2 hours later received a call from the SA telling me the car was ready to go, and everything was good. Went and sat in his office, he handed me the invoice; no charge to me, and this is where the fun began. As I'm reading the text I see that it says "FAILED WARRANTY INSPECTION DUE TO VANOS NOISE" At this point I'm like "WTF is this?" He looks at it and says he's going to go talk to the tech that did the inspection. Comes back and tells me the vanos pump is going bad based on a noise, and maybe a code it threw (i can't remember specifically if it threw a code too) He said the vanos pump may be bad, or it's a line thats bleeding down causing a low pressure. Either way he says that it is a $3-5k job to fix.

At this point some wheels start to turn in my head and I look down at the signed contract I have in my hand. And I say, "I've got a signed warranty in my hand, shouldn't this be covered by the warranty?". SA says the warranty isn't valid until the vehicle passes the inspection, which it just failed, and I leave it at that. Go back to the FM's office, and the SA is going to see if they have the parts to fix it. FM and I discuss refunding the warranty, since they said it wasn't valid until it passes, and also fixing the vanos problem. I decide to fix the vanos, and keep the warranty. They get me a loaner and I leave.

On the way home I call my lawyer and tell him the whole story thus far, he says fax him the contract. I do. He says as soon as the dealership signed it and I signed it that I have a valid warranty, and the fact that they did the inspection afterward is their problem. I call the warranty # on the contract and they said the same thing, and also told me the Vanos should be covered. I tell this to the SA the next day, he tells the Service Manager, SM calls me and says that even though it wasn't written down that I had a verbal agreement with the FM that the car had to pass an inspection for warranty to be valid.
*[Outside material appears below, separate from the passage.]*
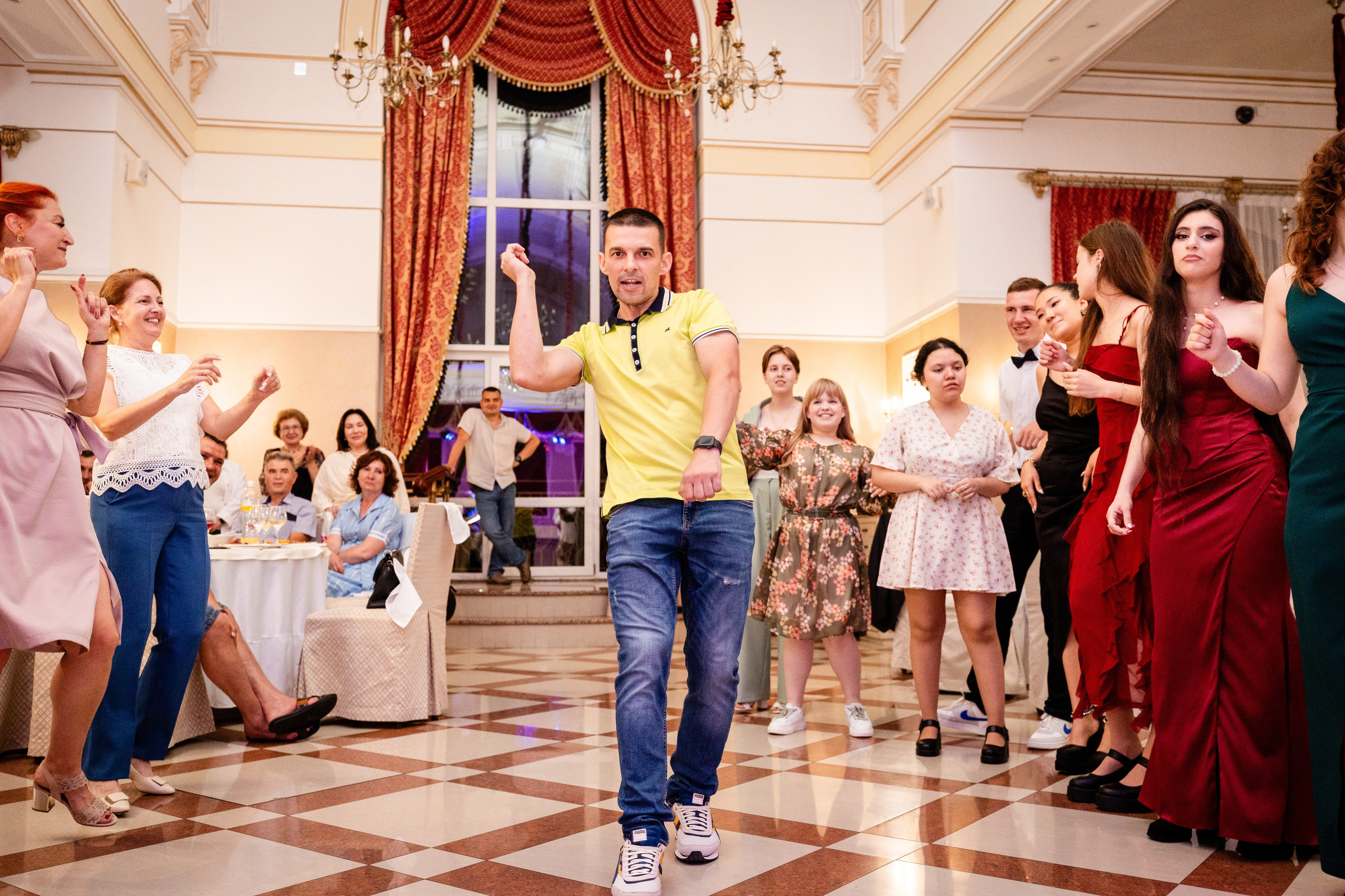 Школьный выпускной. Детский фотограф видеограф в Хабаровске Михаил Орлов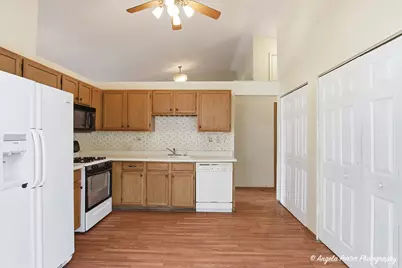 [Address not provided], Mundelein, IL 60060 - Photo 12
My lawyer says there was no actual verbal agreement, just mention of an inspection, and also that the contract is the only thing that will stand up in court.

Basically, dealership wont budge right now, so I'm going to pay out of pocket to get my car fixed, and then have the lawyer file a lawsuit suing the dealership for not honoring a signed warranty. It looks like it has to go to arbitration first.

Does anyone have a similar experience? And what are people's general thoughts on this?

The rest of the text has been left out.